**What is needed**
Write out the records again exactly and exclude the pictures.

══ Information shown ══

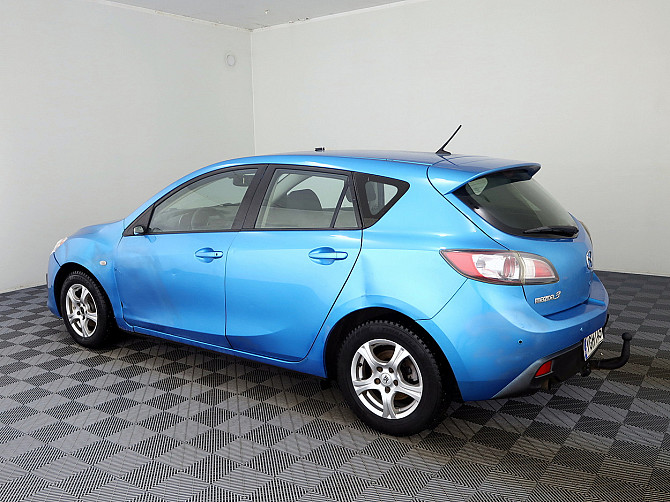 Mazda 3 Elegance 1.6 77kW Таллин - изображение 4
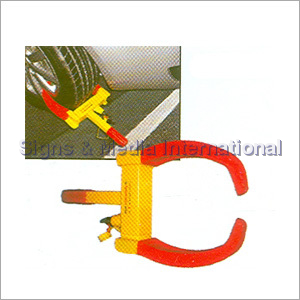 Wheel Lock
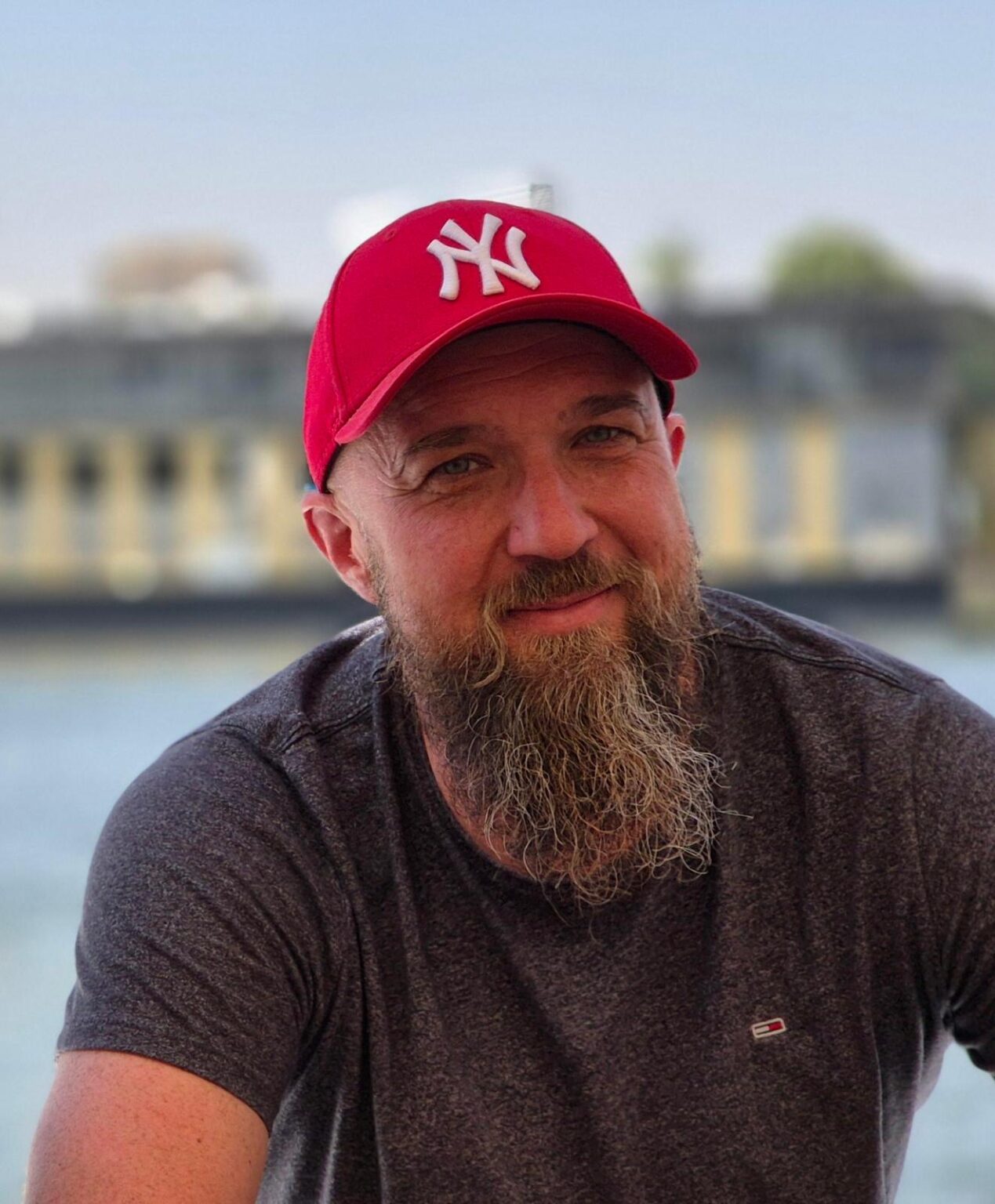 Rafał Ratajczak – psycholog i terapeuta integracji sensorycznej, Poradnia Neurika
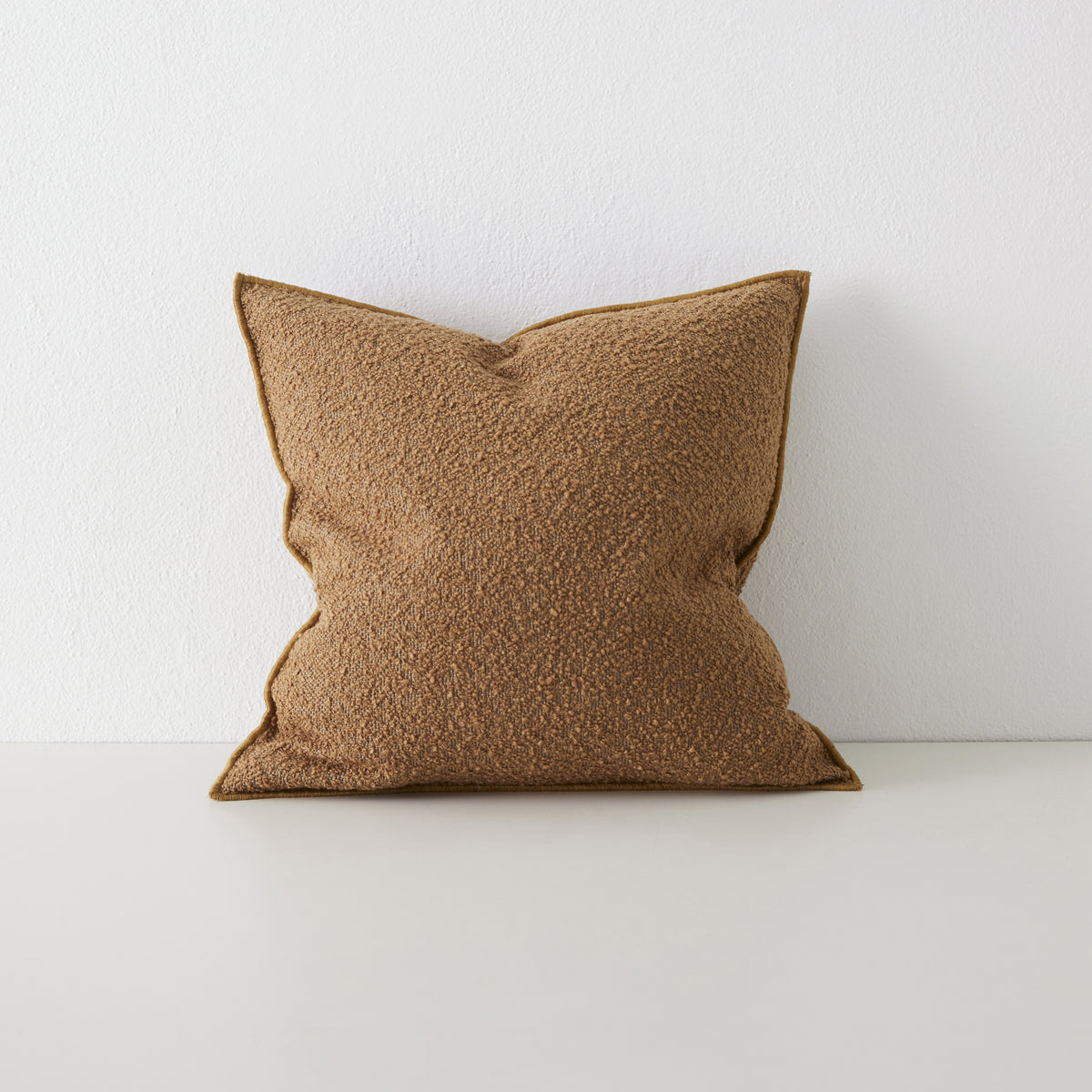 Alberto Cushion - Copper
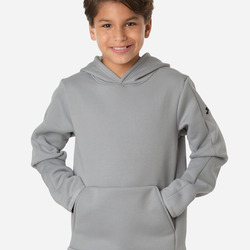 Youth Fleece Pro Hooded Pullover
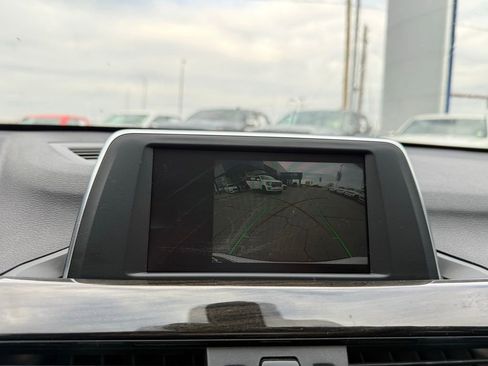 Used 2018 BMW X1 sDrive28i image 16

═══

**Solved problem**
 Mazda 3 Elegance 1.6 77kW Таллин - изображение 4
 Wheel Lock
 Rafał Ratajczak – psycholog i terapeuta integracji sensorycznej, Poradnia Neurika
 Alberto Cushion - Copper
 Youth Fleece Pro Hooded Pullover
 Used 2018 BMW X1 sDrive28i image 16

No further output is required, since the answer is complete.